Citizens for Responsibility & Ethics v. U.S. Department of Justice
820 F. Supp. 2d 39
D.D.C.2011Background
- CREW filed FOIA requests with DOJ OLC in Feb and Mar 2010 seeking recordkeeping guidance and emails related to Yoo/Philbin; CREW sought expedited processing for the Feb request.
- OLC acknowledged expedited processing and proposed narrowing scope; discussions occurred about processing parts of the Feb request separately; no discussion of the Mar 3 request in that call.
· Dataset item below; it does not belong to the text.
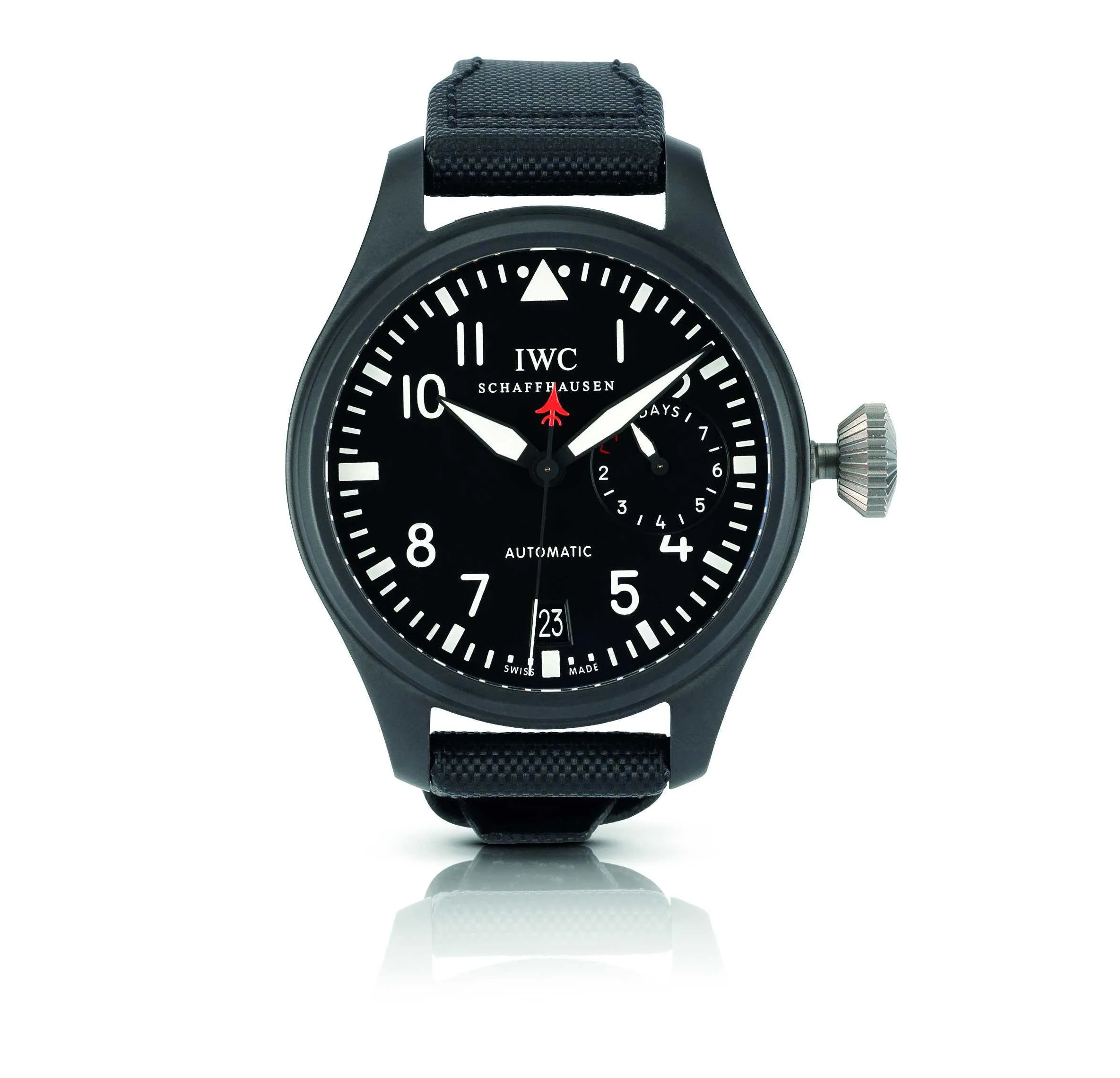 IWC Big Pilot IW501901 48mm Titanium and ceramic Black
- OLC produced non-referred documents on Aug 31, 2010; produced 25 referred documents and a draft Vaughn index on Sep 30 and Oct 22, 2010 respectively; no further communication on the Mar 3 request.
- CREW filed suit May 11, 2010; Scheduling Order issued Aug 2, 2010 requiring processing and production by dates; OLC complied with timing.
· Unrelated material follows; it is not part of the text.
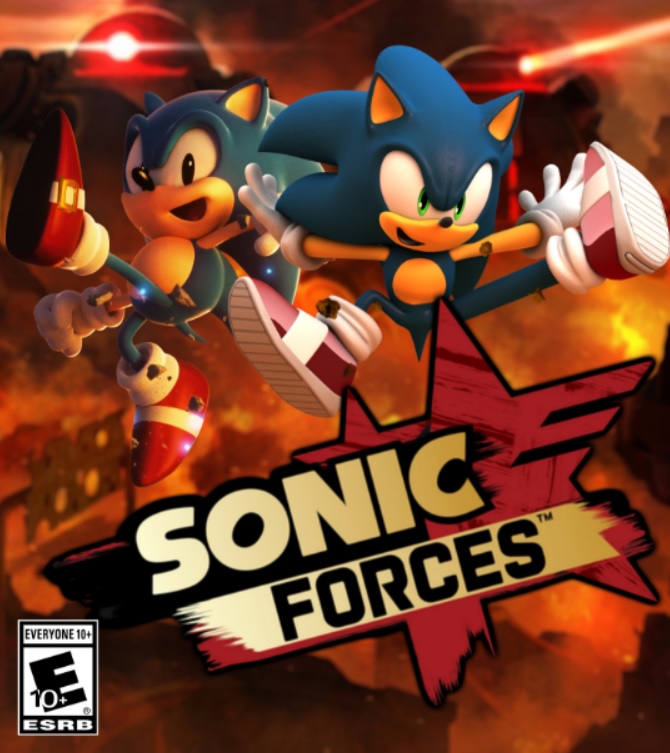 sonic forces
- By June 9, 2011, the case was dismissed by joint stipulation; CREW then moved for attorney fees and costs, which the court granted in principle but as to amount to be determined.
Issues
| Issue | Plaintiff's Argument | Defendant's Argument | Held |
|---|---|---|---|
| Whether CREW is eligible for fees under FOIA | CREW obtained relief via a judicial order. | DOJ argues eligibility based on scheduling actions could be inconclusive. | CREW substantially prevailed; eligible for fees. |
| Whether CREW is entitled to fees (entitlement factors) | Public benefit, CREW's noncommercial interest support entitlement. | Agency withholding was reasonable given exemptions and context. | Entitlement established after balancing four factors; CREW entitled to fees. |
| What factors govern the reasonableness of fee award | CREW should be compensated for public-interest FOIA litigation. | Withholding reasonableness and procedural posture justify fee limits. | Court will permit a separate process to determine the fee amount; grant of fees affirmed. |
Key Cases Cited
- Davy v. CIA, 550 F.3d 1155 (D.C.Cir.2008) (four-factor entitlement framework; public interest emphasis)
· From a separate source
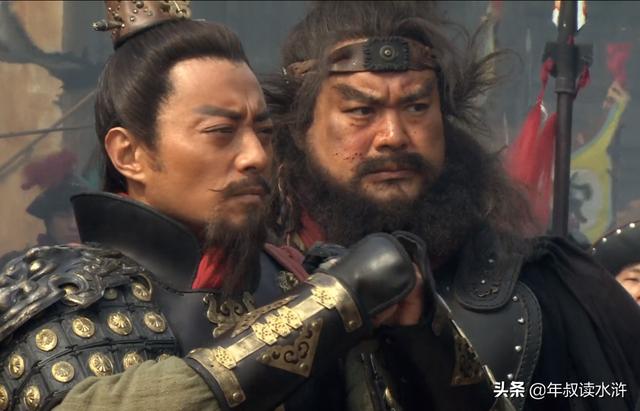 卢俊义最后怎么了，卢俊义也不能轻易战胜他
- Davy v. CIA, 456 F.3d 162 (D.C.Cir.2006) (eligibility via joint stipulation and order; changed legal relationship)
- Judicial Watch, Inc. v. U.S. Dep’t of Commerce (Judicial Watch I), 470 F.3d 363 (D.C.Cir.2006) (fee eligibility and the two-prong approach)
- Judicial Watch, Inc. v. U.S. Dep't of Commerce (Judicial Watch II), 522 F.3d 364 (D.C.Cir.2008) (stressed that a scheduled order can suffice for eligibility)
- Tax Analysts v. U.S. Dep't of Justice, 965 F.2d 1092 (D.C.Cir.1992) (four-factor framework for entitlement; public benefit emphasis)
- Nationwide Bldg. Maint., Inc. v. Sampson, 559 F.2d 704 (D.C.Cir.1977) (policy rationale for FOIA fee provision)
- Buckhannon Board & Care Home, Inc. v. West Virginia Dept. of Health & Human Res., 532 U.S. 598 (Supreme Court 2001) (controversies over prevailing party standards)
- Fenster v. Brown, 617 F.2d 740 (D.C.Cir.1979) (public-interest informational value governing FOIA relief)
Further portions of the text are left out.